Call Girls Bannerghatta Road Just Call 👗 7737669865 👗 Top Class Call Girl Ser...Call Girls Bannerghatta Road Just Call 👗 7737669865 👗 Top Class Call Girl Ser...
Call Girls Bannerghatta Road Just Call 👗 7737669865 👗 Top Class Call Girl Ser...
amitlee9823
 
FESE Capital Markets Fact Sheet 2024 Q1.pdf
FESE Capital Markets Fact Sheet 2024 Q1.pdfFESE Capital Markets Fact Sheet 2024 Q1.pdf
FESE Capital Markets Fact Sheet 2024 Q1.pdf
MarinCaroMartnezBerg
 
Escorts Service Kumaraswamy Layout ☎ 7737669865☎ Book Your One night Stand (B...
Escorts Service Kumaraswamy Layout ☎ 7737669865☎ Book Your One night Stand (B...Escorts Service Kumaraswamy Layout ☎ 7737669865☎ Book Your One night Stand (B...
Escorts Service Kumaraswamy Layout ☎ 7737669865☎ Book Your One night Stand (B...
amitlee9823
 
Call Girls In Bellandur ☎ 7737669865 🥵 Book Your One night Stand
Call Girls In Bellandur ☎ 7737669865 🥵 Book Your One night StandCall Girls In Bellandur ☎ 7737669865 🥵 Book Your One night Stand
Call Girls In Bellandur ☎ 7737669865 🥵 Book Your One night Stand
amitlee9823
 
Call Girls Bommasandra Just Call 👗 7737669865 👗 Top Class Call Girl Service B...
Call Girls Bommasandra Just Call 👗 7737669865 👗 Top Class Call Girl Service B...Call Girls Bommasandra Just Call 👗 7737669865 👗 Top Class Call Girl Service B...

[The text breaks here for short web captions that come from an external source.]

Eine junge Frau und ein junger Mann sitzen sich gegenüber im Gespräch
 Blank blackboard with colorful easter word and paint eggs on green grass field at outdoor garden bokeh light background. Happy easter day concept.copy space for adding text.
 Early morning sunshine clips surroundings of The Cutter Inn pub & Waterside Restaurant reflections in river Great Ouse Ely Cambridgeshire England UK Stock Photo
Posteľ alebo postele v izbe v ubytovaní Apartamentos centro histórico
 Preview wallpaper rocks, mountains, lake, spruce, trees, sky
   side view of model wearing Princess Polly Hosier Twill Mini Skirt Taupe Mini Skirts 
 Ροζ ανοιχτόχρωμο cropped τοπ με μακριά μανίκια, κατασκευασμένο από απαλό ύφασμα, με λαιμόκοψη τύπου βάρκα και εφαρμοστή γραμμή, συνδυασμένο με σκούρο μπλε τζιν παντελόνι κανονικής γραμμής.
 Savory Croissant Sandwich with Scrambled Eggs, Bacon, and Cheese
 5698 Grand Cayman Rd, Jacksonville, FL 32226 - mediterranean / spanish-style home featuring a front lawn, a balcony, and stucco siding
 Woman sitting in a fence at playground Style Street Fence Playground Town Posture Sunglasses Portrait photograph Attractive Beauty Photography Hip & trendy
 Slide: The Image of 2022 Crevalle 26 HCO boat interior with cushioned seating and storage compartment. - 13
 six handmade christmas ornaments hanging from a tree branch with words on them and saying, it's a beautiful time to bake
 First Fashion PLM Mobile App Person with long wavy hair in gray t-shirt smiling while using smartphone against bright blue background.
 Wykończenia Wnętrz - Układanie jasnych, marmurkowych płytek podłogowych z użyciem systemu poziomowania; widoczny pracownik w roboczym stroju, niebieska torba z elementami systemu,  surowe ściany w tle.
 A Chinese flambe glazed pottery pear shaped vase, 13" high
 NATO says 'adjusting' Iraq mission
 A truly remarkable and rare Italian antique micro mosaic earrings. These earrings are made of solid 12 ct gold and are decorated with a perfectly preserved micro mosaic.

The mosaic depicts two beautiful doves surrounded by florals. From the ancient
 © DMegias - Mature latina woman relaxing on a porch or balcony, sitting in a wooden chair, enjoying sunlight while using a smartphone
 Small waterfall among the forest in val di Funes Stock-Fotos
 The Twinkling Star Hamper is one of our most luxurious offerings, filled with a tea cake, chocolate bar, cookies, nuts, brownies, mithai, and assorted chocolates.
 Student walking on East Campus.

Call Girls Bommasandra Just Call 👗 7737669865 👗 Top Class Call Girl Service B...
amitlee9823
 
Call Girls Hsr Layout Just Call 👗 7737669865 👗 Top Class Call Girl Service Ba...
Call Girls Hsr Layout Just Call 👗 7737669865 👗 Top Class Call Girl Service Ba...Call Girls Hsr Layout Just Call 👗 7737669865 👗 Top Class Call Girl Service Ba...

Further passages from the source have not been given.